(Short descriptive text snippets)
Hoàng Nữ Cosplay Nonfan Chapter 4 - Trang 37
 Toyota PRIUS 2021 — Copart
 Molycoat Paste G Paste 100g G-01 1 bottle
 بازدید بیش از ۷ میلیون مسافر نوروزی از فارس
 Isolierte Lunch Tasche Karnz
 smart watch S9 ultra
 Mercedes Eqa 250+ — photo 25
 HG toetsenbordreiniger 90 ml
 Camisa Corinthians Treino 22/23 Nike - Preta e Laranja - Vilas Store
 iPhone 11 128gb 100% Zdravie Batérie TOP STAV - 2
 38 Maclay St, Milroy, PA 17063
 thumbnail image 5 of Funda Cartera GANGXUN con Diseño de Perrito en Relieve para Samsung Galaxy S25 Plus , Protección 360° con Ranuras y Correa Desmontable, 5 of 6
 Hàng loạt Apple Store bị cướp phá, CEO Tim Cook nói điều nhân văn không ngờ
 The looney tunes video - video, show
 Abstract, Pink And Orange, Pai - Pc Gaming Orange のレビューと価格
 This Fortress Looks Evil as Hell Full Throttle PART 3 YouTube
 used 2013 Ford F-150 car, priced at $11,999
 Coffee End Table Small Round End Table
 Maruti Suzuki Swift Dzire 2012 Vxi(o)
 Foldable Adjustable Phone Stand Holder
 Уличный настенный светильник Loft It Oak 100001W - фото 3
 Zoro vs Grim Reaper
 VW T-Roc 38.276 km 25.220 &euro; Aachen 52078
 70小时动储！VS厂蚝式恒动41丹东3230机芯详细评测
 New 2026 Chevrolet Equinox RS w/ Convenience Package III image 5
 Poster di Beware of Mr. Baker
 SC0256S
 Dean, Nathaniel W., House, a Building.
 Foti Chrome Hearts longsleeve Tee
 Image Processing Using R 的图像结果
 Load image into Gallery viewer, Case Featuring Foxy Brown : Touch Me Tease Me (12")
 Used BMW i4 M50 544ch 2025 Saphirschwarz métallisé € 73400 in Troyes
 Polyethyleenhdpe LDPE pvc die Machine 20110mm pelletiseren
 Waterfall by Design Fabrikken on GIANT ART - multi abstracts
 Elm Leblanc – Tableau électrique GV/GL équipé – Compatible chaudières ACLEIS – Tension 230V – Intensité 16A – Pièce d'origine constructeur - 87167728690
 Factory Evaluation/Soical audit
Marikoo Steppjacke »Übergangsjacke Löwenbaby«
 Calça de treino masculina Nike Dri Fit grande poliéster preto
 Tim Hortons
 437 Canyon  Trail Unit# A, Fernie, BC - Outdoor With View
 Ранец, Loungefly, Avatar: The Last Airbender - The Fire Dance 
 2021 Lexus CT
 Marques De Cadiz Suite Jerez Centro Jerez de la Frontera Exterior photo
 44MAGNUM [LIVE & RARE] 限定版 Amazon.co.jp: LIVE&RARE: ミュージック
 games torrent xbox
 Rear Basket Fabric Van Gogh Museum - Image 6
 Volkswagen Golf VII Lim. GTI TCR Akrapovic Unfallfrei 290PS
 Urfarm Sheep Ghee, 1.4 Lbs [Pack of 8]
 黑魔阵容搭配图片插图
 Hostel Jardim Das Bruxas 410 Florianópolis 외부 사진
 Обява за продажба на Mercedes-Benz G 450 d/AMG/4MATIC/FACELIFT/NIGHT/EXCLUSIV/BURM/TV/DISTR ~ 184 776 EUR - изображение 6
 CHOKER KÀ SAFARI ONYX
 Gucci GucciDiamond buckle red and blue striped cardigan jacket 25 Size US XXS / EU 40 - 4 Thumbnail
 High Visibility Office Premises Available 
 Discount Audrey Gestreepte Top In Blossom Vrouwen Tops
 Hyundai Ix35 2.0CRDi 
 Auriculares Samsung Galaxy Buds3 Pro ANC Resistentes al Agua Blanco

What is expected: From the opening line of the data above through the line that contains "Waterfall by Design", please print each line as it stands and only those lines.

Exercise response:
Hoàng Nữ Cosplay Nonfan Chapter 4 - Trang 37
 Toyota PRIUS 2021 — Copart
 Molycoat Paste G Paste 100g G-01 1 bottle
 بازدید بیش از ۷ میلیون مسافر نوروزی از فارس
 Isolierte Lunch Tasche Karnz
 smart watch S9 ultra
 Mercedes Eqa 250+ — photo 25
 HG toetsenbordreiniger 90 ml
 Camisa Corinthians Treino 22/23 Nike - Preta e Laranja - Vilas Store
 iPhone 11 128gb 100% Zdravie Batérie TOP STAV - 2
 38 Maclay St, Milroy, PA 17063
 thumbnail image 5 of Funda Cartera GANGXUN con Diseño de Perrito en Relieve para Samsung Galaxy S25 Plus , Protección 360° con Ranuras y Correa Desmontable, 5 of 6
 Hàng loạt Apple Store bị cướp phá, CEO Tim Cook nói điều nhân văn không ngờ
 The looney tunes video - video, show
 Abstract, Pink And Orange, Pai - Pc Gaming Orange のレビューと価格
 This Fortress Looks Evil as Hell Full Throttle PART 3 YouTube
 used 2013 Ford F-150 car, priced at $11,999
 Coffee End Table Small Round End Table
 Maruti Suzuki Swift Dzire 2012 Vxi(o)
 Foldable Adjustable Phone Stand Holder
 Уличный настенный светильник Loft It Oak 100001W - фото 3
 Zoro vs Grim Reaper
 VW T-Roc 38.276 km 25.220 &euro; Aachen 52078
 70小时动储！VS厂蚝式恒动41丹东3230机芯详细评测
 New 2026 Chevrolet Equinox RS w/ Convenience Package III image 5
 Poster di Beware of Mr. Baker
 SC0256S
 Dean, Nathaniel W., House, a Building.
 Foti Chrome Hearts longsleeve Tee
 Image Processing Using R 的图像结果
 Load image into Gallery viewer, Case Featuring Foxy Brown : Touch Me Tease Me (12")
 Used BMW i4 M50 544ch 2025 Saphirschwarz métallisé € 73400 in Troyes
 Polyethyleenhdpe LDPE pvc die Machine 20110mm pelletiseren
 Waterfall by Design Fabrikken on GIANT ART - multi abstracts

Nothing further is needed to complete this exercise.